[Data extracted from a collection]
::::::

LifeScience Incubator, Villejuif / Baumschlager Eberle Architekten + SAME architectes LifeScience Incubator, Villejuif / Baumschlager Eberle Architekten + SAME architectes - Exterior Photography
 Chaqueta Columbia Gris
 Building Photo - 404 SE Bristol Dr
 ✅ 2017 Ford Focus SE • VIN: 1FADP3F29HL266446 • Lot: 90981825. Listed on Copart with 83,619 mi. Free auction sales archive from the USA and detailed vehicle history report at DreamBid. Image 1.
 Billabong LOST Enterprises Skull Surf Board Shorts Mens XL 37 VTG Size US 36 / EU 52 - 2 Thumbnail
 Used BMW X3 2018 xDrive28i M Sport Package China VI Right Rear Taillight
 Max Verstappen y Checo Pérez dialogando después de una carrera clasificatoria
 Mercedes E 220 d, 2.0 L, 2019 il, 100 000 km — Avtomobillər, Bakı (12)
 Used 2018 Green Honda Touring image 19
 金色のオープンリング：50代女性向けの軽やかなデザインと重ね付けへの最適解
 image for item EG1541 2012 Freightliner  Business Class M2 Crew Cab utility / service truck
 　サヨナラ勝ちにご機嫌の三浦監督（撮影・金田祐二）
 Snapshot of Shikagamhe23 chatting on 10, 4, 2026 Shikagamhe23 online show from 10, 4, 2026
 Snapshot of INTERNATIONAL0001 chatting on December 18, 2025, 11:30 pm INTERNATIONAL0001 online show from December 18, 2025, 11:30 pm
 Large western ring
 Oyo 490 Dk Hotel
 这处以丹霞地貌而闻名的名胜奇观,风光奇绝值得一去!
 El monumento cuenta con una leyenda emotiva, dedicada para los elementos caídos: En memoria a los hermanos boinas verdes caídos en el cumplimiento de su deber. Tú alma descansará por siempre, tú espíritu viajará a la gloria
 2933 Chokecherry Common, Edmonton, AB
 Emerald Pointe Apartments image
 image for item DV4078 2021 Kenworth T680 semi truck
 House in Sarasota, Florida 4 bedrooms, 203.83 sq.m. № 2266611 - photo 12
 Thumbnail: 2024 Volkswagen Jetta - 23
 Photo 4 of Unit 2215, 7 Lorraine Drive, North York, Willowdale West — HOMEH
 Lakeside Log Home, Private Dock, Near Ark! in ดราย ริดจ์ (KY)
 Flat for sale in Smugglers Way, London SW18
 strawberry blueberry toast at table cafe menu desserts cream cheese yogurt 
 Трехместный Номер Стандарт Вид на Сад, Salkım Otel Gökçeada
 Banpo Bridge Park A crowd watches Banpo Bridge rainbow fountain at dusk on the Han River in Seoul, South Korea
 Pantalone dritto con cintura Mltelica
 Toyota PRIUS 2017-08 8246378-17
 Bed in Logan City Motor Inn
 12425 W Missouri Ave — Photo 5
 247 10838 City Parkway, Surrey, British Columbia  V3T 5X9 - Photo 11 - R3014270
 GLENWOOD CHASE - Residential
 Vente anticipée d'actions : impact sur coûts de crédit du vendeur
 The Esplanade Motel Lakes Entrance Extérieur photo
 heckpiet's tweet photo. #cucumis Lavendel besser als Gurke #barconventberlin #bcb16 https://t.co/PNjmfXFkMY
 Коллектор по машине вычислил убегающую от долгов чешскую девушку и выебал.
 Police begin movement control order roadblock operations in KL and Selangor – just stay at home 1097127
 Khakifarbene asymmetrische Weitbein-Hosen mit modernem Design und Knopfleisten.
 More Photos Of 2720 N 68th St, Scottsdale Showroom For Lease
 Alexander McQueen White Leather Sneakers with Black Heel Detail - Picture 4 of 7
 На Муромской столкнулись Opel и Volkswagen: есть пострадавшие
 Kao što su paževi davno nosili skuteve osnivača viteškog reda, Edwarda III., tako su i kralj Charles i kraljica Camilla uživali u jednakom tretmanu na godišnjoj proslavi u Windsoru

::::::

▶ _How to complete this task_
Repeat, word for word, the lines from the start of the records to the line that contains "image for item EG1541", both of them included, and no others.

▶ _Answer to this problem_
LifeScience Incubator, Villejuif / Baumschlager Eberle Architekten + SAME architectes LifeScience Incubator, Villejuif / Baumschlager Eberle Architekten + SAME architectes - Exterior Photography
 Chaqueta Columbia Gris
 Building Photo - 404 SE Bristol Dr
 ✅ 2017 Ford Focus SE • VIN: 1FADP3F29HL266446 • Lot: 90981825. Listed on Copart with 83,619 mi. Free auction sales archive from the USA and detailed vehicle history report at DreamBid. Image 1.
 Billabong LOST Enterprises Skull Surf Board Shorts Mens XL 37 VTG Size US 36 / EU 52 - 2 Thumbnail
 Used BMW X3 2018 xDrive28i M Sport Package China VI Right Rear Taillight
 Max Verstappen y Checo Pérez dialogando después de una carrera clasificatoria
 Mercedes E 220 d, 2.0 L, 2019 il, 100 000 km — Avtomobillər, Bakı (12)
 Used 2018 Green Honda Touring image 19
 金色のオープンリング：50代女性向けの軽やかなデザインと重ね付けへの最適解
 image for item EG1541 2012 Freightliner  Business Class M2 Crew Cab utility / service truck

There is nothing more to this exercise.